• [Activity]:
Return each line of the data below that contains the string "Button".
** Data for the task follows **
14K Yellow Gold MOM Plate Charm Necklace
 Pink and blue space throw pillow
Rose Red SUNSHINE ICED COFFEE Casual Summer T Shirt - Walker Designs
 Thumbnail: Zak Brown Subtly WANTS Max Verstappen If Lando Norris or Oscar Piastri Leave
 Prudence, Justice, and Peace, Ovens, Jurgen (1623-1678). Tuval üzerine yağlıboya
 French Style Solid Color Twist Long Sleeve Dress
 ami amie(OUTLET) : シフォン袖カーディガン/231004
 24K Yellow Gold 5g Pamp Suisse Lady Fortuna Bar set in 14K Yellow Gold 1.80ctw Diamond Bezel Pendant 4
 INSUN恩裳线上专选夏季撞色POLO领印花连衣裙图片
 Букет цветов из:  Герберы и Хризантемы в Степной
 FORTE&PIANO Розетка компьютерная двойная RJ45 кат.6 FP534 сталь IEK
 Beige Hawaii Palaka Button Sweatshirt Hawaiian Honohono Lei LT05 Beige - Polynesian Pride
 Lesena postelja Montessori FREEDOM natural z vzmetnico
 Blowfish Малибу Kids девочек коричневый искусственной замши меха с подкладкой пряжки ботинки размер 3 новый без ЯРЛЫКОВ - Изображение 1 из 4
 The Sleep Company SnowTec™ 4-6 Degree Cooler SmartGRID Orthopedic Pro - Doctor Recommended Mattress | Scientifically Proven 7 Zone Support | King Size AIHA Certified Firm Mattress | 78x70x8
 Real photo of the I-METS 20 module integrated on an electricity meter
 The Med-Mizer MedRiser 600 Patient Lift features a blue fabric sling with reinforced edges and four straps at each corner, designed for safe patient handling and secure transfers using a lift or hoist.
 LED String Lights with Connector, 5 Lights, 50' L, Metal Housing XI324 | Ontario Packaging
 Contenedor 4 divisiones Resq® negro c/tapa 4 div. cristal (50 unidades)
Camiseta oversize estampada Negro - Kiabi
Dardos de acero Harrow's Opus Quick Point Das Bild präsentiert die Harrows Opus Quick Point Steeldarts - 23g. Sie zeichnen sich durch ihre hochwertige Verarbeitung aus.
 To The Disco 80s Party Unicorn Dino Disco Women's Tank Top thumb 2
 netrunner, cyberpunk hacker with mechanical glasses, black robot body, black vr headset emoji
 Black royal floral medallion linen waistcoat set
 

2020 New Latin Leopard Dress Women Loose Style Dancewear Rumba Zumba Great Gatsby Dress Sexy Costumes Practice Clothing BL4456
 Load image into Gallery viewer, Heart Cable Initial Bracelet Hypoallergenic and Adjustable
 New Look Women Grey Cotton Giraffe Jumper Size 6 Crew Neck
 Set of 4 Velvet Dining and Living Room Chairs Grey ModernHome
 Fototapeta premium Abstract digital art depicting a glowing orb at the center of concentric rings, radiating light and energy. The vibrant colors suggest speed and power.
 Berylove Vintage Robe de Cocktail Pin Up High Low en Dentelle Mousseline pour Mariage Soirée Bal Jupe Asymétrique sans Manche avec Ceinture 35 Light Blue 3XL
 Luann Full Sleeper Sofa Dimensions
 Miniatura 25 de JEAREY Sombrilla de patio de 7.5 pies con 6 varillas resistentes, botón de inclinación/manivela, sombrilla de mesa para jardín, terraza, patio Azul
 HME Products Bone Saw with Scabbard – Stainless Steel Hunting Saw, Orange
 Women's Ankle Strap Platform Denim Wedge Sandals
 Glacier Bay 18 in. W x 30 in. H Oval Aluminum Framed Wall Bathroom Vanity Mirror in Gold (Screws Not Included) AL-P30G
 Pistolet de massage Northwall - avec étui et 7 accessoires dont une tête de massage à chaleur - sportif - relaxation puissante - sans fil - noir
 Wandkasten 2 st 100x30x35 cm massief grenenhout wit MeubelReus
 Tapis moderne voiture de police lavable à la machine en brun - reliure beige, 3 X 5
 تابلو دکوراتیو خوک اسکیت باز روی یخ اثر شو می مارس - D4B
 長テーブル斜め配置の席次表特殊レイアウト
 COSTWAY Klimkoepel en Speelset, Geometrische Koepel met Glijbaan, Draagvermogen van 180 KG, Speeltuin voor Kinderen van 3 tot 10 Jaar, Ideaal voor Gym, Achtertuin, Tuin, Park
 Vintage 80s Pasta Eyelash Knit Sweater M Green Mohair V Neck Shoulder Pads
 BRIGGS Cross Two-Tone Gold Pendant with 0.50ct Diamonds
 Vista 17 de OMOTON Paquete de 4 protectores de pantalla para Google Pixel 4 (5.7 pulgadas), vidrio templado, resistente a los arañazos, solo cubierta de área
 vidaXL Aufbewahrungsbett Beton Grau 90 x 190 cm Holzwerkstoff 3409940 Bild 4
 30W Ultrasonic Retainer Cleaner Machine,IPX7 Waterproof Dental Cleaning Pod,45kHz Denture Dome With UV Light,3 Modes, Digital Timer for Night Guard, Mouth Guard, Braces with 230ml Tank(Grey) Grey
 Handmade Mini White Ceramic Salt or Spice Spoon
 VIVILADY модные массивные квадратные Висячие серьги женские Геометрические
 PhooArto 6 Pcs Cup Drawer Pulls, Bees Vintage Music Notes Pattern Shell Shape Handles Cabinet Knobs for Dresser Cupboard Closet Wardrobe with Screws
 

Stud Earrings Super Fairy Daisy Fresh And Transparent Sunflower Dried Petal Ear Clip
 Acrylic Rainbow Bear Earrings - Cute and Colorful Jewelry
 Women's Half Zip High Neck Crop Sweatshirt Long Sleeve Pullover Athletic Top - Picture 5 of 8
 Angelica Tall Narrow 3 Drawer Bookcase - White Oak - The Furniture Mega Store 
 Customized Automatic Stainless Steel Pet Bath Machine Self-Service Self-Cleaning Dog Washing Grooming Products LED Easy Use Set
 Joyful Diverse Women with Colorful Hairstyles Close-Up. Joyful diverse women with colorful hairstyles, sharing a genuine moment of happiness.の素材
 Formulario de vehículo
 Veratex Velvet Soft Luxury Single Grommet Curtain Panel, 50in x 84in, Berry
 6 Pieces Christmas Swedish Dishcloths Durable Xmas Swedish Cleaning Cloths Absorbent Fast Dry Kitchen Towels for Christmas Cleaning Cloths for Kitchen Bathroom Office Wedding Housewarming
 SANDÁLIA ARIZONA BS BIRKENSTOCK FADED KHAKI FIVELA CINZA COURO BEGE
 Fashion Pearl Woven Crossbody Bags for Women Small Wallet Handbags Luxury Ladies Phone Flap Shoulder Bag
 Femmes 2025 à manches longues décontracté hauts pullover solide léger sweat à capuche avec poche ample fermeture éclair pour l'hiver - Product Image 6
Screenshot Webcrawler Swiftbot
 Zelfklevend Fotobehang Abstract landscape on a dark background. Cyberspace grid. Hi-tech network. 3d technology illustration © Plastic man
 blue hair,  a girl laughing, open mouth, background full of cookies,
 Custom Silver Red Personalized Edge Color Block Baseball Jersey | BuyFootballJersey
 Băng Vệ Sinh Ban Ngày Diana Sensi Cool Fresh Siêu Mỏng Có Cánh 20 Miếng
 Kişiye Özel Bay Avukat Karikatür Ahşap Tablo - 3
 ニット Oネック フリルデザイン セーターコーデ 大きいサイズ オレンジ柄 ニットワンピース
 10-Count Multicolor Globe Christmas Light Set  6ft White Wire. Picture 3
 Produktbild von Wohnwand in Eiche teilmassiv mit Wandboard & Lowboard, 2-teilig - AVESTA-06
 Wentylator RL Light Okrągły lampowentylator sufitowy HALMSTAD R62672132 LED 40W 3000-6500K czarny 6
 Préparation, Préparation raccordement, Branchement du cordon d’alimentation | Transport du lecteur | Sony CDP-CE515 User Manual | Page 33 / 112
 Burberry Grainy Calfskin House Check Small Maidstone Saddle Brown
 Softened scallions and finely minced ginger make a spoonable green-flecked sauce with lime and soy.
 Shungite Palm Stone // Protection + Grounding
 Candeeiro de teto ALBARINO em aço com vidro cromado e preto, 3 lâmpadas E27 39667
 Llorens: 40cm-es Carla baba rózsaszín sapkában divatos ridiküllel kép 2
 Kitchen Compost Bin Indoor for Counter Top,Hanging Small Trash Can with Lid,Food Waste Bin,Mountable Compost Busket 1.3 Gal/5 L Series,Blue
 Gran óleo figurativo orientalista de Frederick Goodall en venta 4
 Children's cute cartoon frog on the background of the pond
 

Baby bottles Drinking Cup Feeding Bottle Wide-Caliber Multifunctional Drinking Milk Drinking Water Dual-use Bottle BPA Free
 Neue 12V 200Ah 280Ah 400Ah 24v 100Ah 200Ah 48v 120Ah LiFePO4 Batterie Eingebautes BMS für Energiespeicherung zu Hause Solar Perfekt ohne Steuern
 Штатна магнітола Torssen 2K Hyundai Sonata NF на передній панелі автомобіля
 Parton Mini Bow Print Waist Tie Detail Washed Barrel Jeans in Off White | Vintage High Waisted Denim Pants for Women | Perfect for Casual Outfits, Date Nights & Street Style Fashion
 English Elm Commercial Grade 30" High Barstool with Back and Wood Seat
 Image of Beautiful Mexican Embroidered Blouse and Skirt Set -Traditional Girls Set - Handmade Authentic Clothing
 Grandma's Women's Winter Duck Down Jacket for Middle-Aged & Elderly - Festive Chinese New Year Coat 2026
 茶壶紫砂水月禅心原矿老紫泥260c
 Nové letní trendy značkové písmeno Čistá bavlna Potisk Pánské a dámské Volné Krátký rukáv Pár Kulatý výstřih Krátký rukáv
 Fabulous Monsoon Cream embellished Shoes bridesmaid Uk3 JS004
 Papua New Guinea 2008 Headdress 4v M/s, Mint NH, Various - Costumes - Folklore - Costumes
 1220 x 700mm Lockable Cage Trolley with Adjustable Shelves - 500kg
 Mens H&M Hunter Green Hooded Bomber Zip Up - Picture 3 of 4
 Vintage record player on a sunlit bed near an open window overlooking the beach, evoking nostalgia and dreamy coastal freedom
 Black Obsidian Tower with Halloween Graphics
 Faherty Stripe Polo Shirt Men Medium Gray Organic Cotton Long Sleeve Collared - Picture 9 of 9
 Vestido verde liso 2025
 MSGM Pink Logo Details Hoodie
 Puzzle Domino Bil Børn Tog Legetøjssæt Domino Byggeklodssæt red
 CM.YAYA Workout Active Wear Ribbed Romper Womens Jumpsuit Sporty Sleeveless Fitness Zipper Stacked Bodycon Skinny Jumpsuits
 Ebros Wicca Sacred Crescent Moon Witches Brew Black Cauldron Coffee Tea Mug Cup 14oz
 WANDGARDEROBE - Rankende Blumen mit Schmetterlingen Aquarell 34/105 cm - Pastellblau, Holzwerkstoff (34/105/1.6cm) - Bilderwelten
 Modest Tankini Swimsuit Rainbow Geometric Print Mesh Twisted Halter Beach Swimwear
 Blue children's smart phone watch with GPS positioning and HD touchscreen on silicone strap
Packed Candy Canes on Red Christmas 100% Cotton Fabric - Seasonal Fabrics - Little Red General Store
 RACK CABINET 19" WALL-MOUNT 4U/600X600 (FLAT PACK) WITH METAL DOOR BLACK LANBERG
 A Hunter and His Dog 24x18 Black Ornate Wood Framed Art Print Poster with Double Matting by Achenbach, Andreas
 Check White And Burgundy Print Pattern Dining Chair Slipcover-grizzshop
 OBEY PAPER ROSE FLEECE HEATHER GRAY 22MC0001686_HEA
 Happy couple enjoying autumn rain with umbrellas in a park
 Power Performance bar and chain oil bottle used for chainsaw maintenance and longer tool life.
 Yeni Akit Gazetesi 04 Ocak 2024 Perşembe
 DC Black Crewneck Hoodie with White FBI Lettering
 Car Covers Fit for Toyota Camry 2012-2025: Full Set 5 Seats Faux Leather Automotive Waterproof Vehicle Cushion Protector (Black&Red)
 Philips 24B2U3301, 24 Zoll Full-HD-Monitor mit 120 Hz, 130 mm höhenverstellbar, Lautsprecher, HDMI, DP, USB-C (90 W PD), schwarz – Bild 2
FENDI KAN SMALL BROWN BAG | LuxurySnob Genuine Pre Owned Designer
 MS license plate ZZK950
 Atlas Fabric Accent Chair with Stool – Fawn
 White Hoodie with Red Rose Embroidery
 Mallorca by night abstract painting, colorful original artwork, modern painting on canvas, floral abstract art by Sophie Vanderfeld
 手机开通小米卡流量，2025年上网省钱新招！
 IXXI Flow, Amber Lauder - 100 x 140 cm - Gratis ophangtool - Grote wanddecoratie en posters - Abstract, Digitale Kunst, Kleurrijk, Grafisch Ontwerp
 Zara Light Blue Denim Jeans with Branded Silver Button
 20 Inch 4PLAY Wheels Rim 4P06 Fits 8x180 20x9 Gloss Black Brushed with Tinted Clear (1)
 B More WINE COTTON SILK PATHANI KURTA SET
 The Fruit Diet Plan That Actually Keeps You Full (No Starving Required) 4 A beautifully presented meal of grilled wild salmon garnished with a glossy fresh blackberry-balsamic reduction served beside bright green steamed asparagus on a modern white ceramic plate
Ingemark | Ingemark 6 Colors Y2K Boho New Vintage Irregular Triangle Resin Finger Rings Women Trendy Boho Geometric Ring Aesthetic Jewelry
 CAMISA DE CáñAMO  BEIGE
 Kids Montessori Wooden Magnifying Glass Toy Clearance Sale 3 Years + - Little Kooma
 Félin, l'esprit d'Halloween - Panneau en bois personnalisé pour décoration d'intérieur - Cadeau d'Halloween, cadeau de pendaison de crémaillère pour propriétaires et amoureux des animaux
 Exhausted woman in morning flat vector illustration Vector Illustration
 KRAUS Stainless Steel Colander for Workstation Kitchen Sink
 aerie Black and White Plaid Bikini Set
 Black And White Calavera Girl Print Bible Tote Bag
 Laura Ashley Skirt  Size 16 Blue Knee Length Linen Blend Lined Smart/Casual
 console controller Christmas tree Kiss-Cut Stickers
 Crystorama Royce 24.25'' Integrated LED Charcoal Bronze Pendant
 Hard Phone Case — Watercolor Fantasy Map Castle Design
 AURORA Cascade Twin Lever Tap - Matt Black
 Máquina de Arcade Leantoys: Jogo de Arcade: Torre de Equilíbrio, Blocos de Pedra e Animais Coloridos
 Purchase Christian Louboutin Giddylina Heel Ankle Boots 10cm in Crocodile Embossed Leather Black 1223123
** End of Data for the task **
• [Your response]:
 Beige Hawaii Palaka Button Sweatshirt Hawaiian Honohono Lei LT05 Beige - Polynesian Pride
 Zara Light Blue Denim Jeans with Branded Silver Button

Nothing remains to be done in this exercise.